Globally, more than one-third of patients with TB missed notification as estimated in 2017.[3] India, one of the high TB burden countries, also missed the notification of nearly 30% cases, which amounts to 26% of global missed cases.[3],[4] The country is tackling the TB burden through its Revised National TB Control Programme (RNTCP), which covered all the districts of the country. RNTCP planned to achieve 90% and 95% treatment initiation among notified patients by 2015 and 2020, respectively, as envisaged under the National Strategic Plan for TB elimination 2017–2025.[5] However, only 79% of patients notified in the public health facilities of India were initiated on treatment in 2017. This pretreatment loss to follow-up (LTFU) varied from 0% to 84% across districts of India.[4] Factors like male sex, migration, older individual and living in urban area are found to be associated with pretreatment LTFU.[6],[7] This has been reported to be high among patients diagnosed at medical colleges or tertiary care hospitals.

Medical colleges share nearly 15% of the total TB cases notified in India.[8] However, most of the patients diagnosed with TB are referred to respective district TB centres (DTCs) for the initiation, follow-up and completion of treatment, as patients seek tertiary care services from different parts of the country (both inside and outside the district and outside the state).

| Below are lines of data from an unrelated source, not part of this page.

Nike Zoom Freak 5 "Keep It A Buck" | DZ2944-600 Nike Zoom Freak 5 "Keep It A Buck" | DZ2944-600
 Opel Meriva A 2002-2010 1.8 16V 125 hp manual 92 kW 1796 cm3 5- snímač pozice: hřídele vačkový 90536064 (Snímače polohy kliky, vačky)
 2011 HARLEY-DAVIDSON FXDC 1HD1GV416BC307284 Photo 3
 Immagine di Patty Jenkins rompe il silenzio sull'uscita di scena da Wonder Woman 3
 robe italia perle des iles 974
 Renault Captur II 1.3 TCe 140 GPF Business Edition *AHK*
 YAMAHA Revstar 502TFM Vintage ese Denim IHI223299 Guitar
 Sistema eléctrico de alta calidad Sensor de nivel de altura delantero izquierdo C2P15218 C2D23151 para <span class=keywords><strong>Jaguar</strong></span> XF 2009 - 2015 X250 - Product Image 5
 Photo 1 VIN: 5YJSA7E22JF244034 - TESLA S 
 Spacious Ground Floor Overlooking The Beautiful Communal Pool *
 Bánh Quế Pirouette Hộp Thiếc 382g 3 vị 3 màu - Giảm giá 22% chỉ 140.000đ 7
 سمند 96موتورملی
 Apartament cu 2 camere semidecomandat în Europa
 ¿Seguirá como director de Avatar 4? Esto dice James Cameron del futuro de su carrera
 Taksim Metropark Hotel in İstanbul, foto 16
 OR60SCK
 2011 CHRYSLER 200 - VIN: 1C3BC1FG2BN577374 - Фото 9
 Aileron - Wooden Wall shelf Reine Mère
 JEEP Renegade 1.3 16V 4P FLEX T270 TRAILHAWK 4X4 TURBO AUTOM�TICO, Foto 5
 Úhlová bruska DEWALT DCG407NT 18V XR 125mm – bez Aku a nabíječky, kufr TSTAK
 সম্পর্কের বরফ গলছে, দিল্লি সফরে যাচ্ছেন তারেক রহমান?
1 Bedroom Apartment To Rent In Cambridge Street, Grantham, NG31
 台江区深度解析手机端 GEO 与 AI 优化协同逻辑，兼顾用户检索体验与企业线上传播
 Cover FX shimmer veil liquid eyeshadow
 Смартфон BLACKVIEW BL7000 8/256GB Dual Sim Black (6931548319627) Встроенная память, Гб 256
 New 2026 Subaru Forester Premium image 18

RNTCP has established a referral mechanism by sending a 'referral for treatment' form to DTC after confirmation of diagnosis from the medical college referral units (MCRUs).[9] The MCRU receives feedback in paper-based format, which is to be filled and sent by the DTC. The reported receipt of feedback was 54%, 74% and 75% in referral units of medical colleges situated in Puducherry, Hyderabad and Delhi, respectively.[8–10] Status of treatment initiation could not be verified in one-fourth to half of the referred TB patients due to wrong address, wrong phone number, the treatment being initiated outside RNTCP and migration.[8]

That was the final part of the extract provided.